Alors que le bordélisme assourdissant de la campagne présidentielle a poussé le motto #Chirac2017 à émerger ça et là sur la toile, il est bon de se replonger dans le paradoxe politique qu'a incarné notre Jacques national pendant 40 ans.
Le documentaire de Karl Zéro et Michel Royer dresse à ce titre le portrait peut-être le plus fidèle au "mythe". Le parti pris humoristique n'entrave en rien la rigueur journalistique (et pourtant le doute est légitime quand on voit Didier Gustin et Eric Zemmour au générique). Bien au contraire. Zéro et Royer ont bien compris que le parcours de Chirac est intrinsèquement comique : le personnage, son attitude, sa conception du monde, son clientélisme permanent, son absence de convictions politiques, sa femme, sa chance, ses magouilles. Ne restait donc plus qu'à peaufiner l'introspection, à bâtir une psychanalyse du bonhomme pour décrypter les méthodes qui lui ont permis de prendre le pouvoir sans jamais rien en faire. Saupoudrez le tout d'une voix off finalement bien écrite et de quelques chansons de propagande politique qui donnent envie de se vacciner contre la nostalgie, et vous obtenez un film franchement tordant.
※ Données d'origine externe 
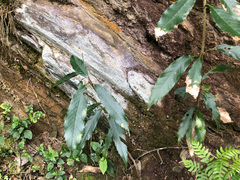 Quercus stenophylloides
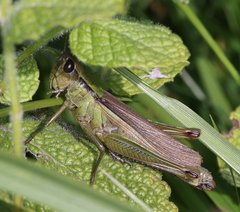 Mecostethus parapleurus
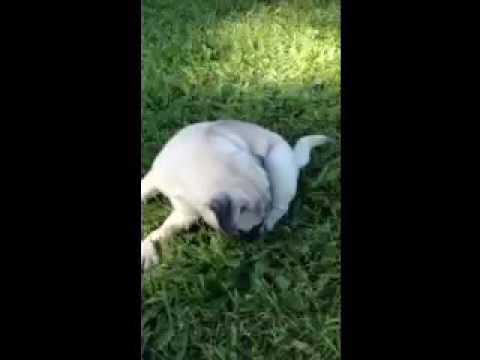 A video of Lacie playing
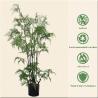 Buy cheap Plastic Material Artificial Fern Tree Architectural Landscaping from wholesalers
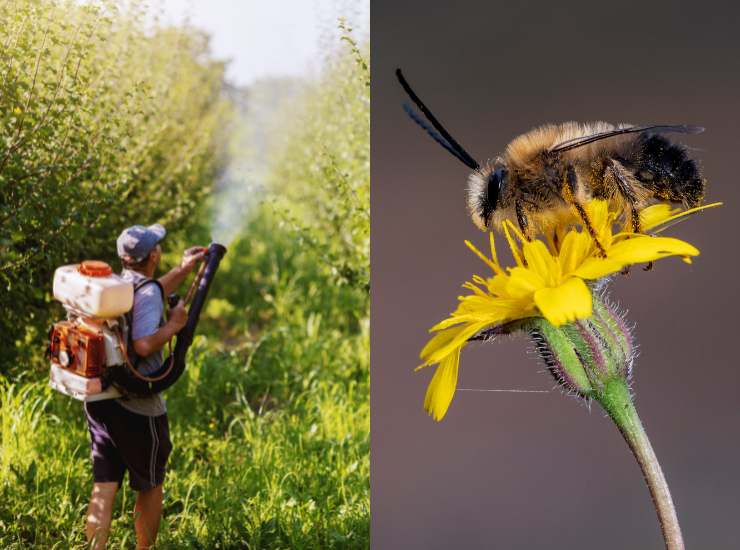 Nuove norme sui pesticidi per la salvaguardia delle api - Fonte AdobeStock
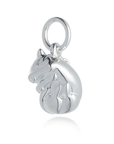 Cat Silver Charm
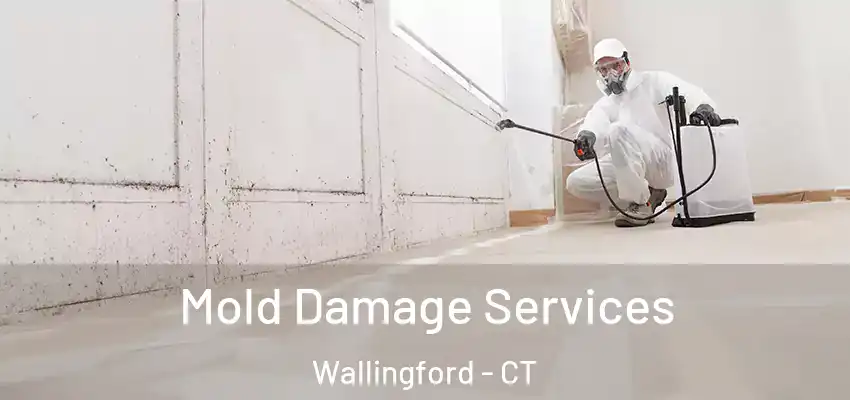 Mold Damage Services Wallingford - CT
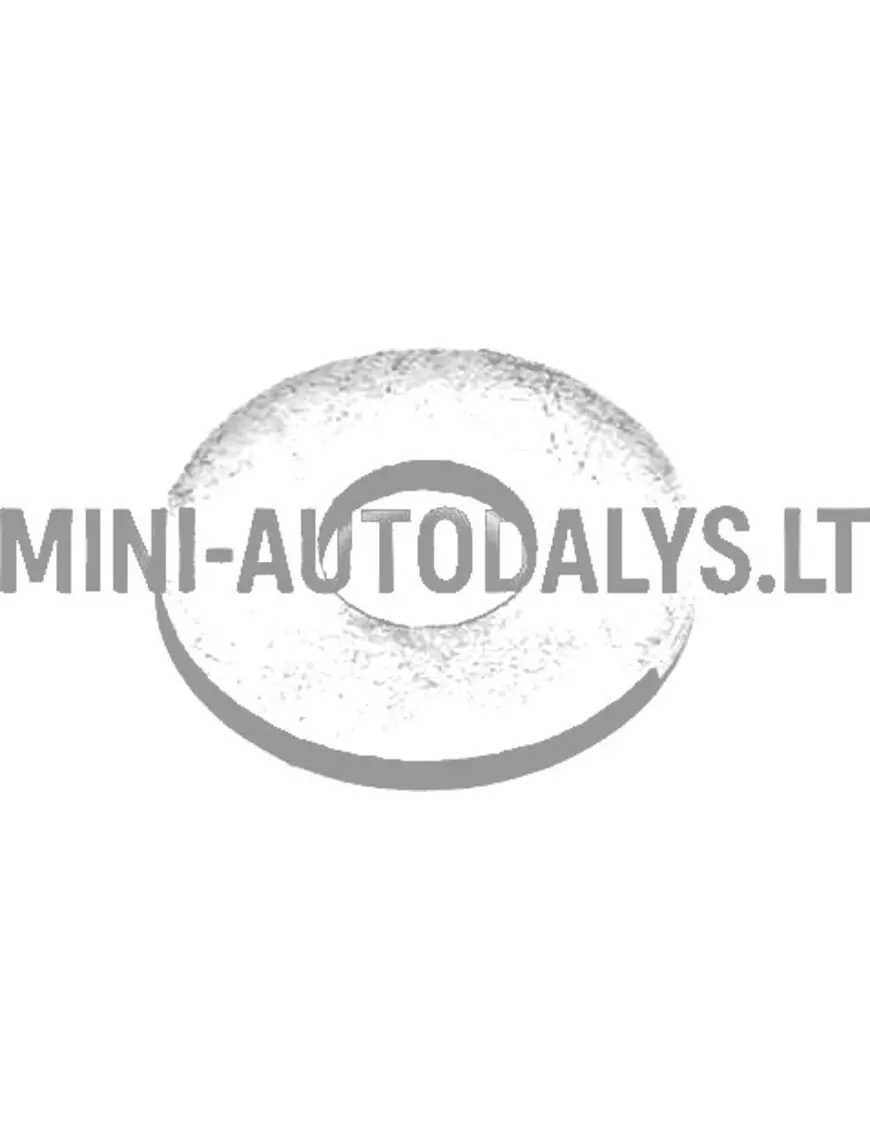 Tihendusrõnga kinnituskruvi paagile Aixam / Grecav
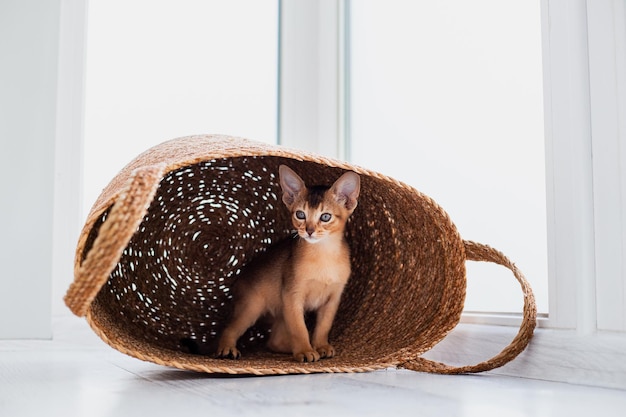 Foto de estúdio de um pequeno gatinho abissínio fofo que fica na cesta em casa fundo de janela branca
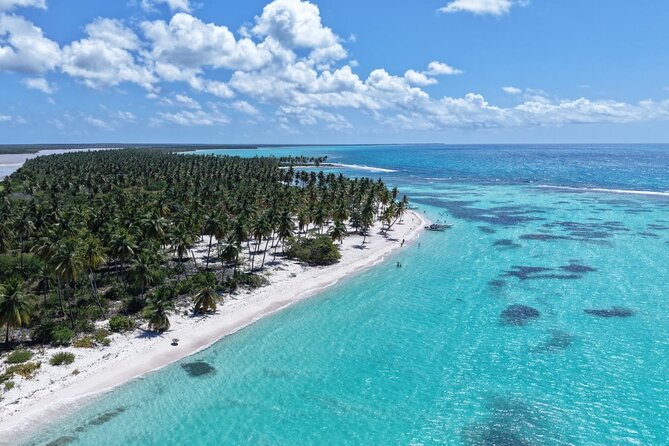 Saona Island Premium Discovery Tour from Punta Cana or Bayahíbe - Key details before you book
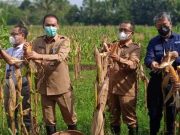Petani Jagung di Desa Sidorejo Dapat Pendampingan dari PT Telkom petani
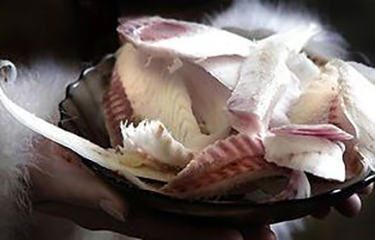 Stroganina-NL'.jpg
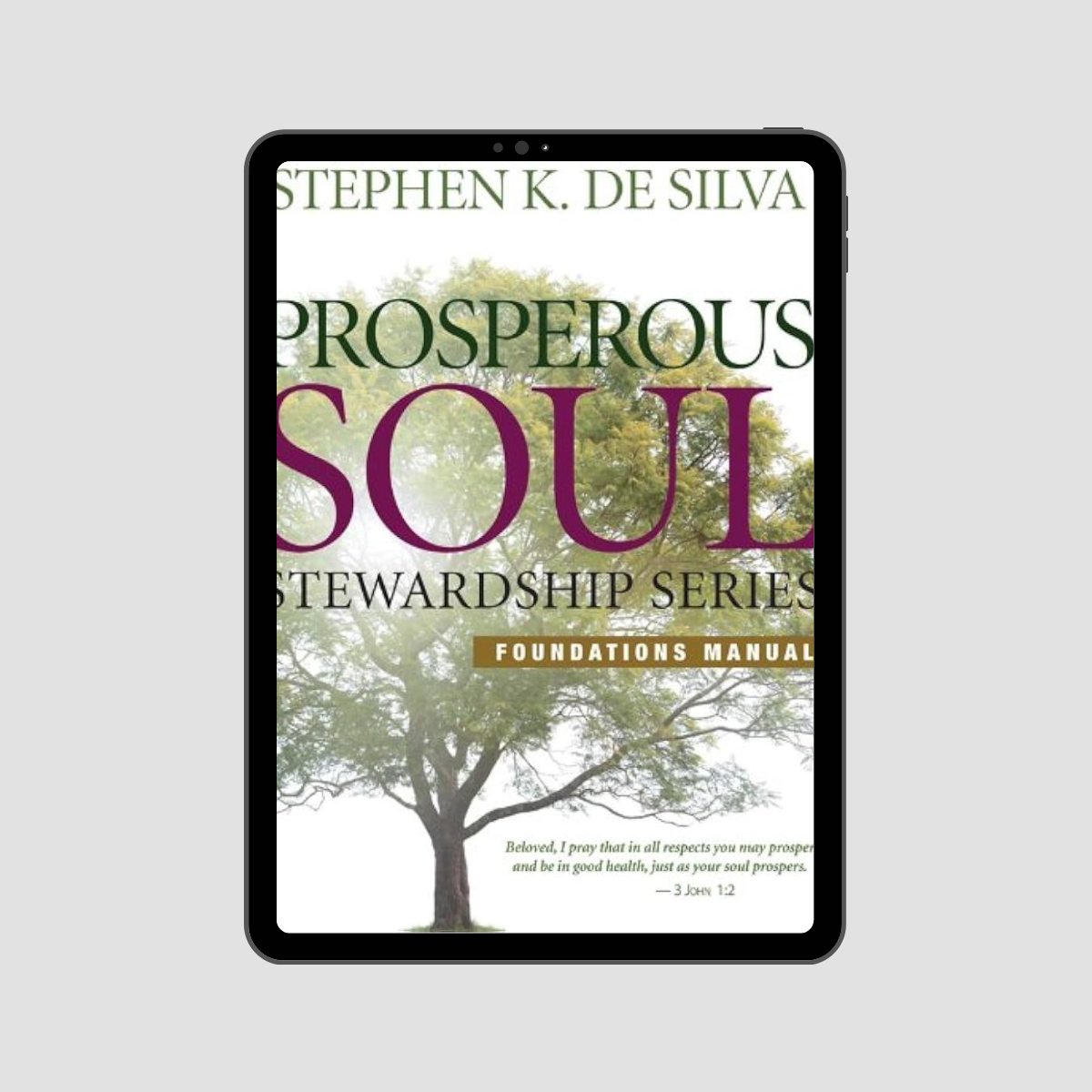 Prosperous Soul Foundations eBook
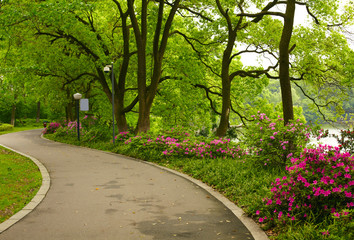 Wall Mural - Summer park road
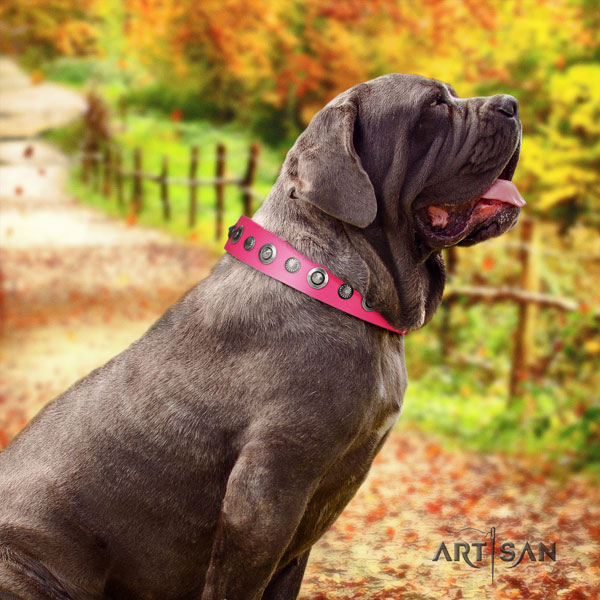 Mastino Napoletano unusual natural genuine leather collar with adornments for your four-legged friend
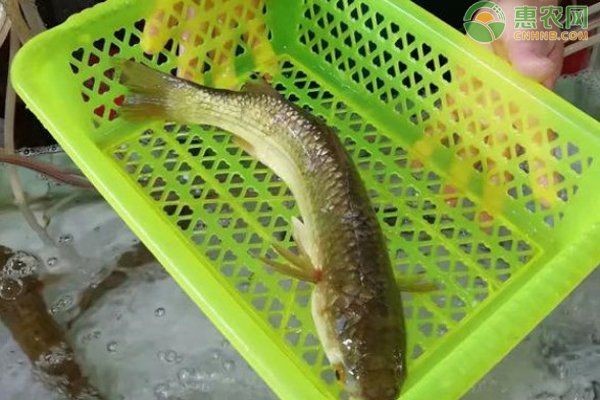 廣東鱭魚是什么魚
Tordant, oui, mais pas partial. Loin de la caricature guignolesque, le doc parvient à souligner tout ce qui a rendu le personnage profondément attachant auprès des Français et en particulier des éternels amoureux de la vieille France gaulliste. Il ment, il n'en fout pas une, il court les jupons, il détourne l'argent public, et pourtant on n'arrive presque pas à en vouloir à ce mec profondément humain, indécis, un peu beauf, charmeur, bienveillant, insouciant mais déterminé. L'image du grand-père national, du bon Gaulois sympathique, face au vide des idées, à l'absence de vision d'avenir.
Zéro et Royer ont fait un joli boulot avec l'impressionnant corpus d'archives à leur disposition, dont certaines très connues et parties pour le rester. Mises bout à bout, elles révèlent petit à petit un vrai héros de cinéma, quelque part entre Jacques Tati, Pierre Richard et Jean-Paul Belmondo. C'est la très grande force de ce film qui, tout en appuyant sur le cynisme profond de la politique française, nous rappelle pourquoi on s'est tous à un moment senti proche de cet incapable notoire.